> [Exercise brief] The whole listing below should be printed again exactly, with no images.

Source material below:

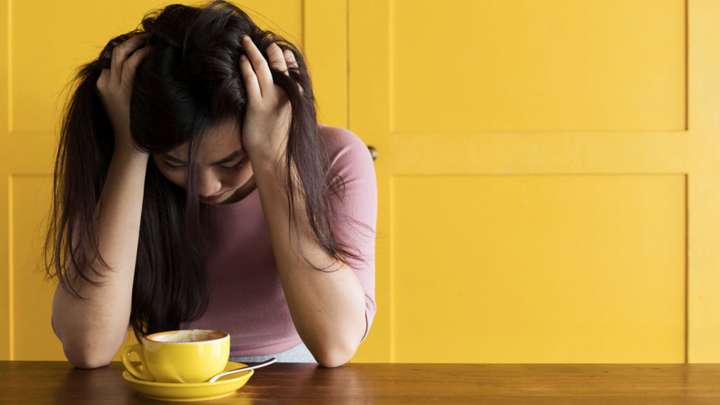 woman with head in her hands because she's over-caffeinated 
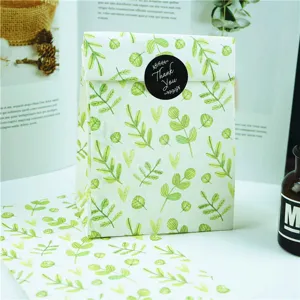 Detalle de la bolsa de papel de regalo con patrón de hojas verdes, embalaje plano ecológico.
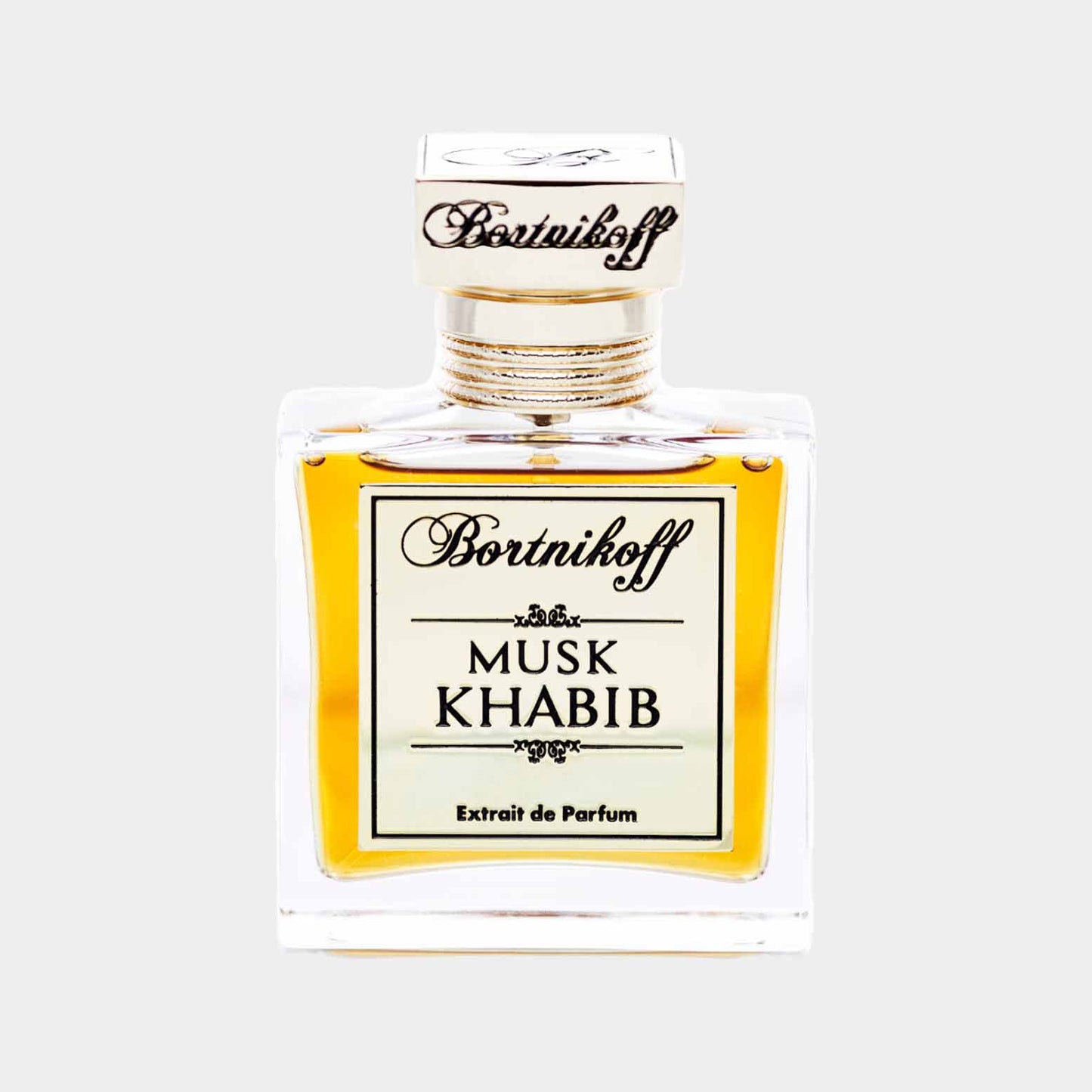 Een elegant parfumflesje van Bortnikoff met de naam Musk Khabib, gevuld met een rijke, amberkleurige geur. Dit is een sample van het luxe extrait de parfum.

End of Source material.

> [Result of this task]
 woman with head in her hands because she's over-caffeinated 
 Detalle de la bolsa de papel de regalo con patrón de hojas verdes, embalaje plano ecológico.
 Een elegant parfumflesje van Bortnikoff met de naam Musk Khabib, gevuld met een rijke, amberkleurige geur. Dit is een sample van het luxe extrait de parfum.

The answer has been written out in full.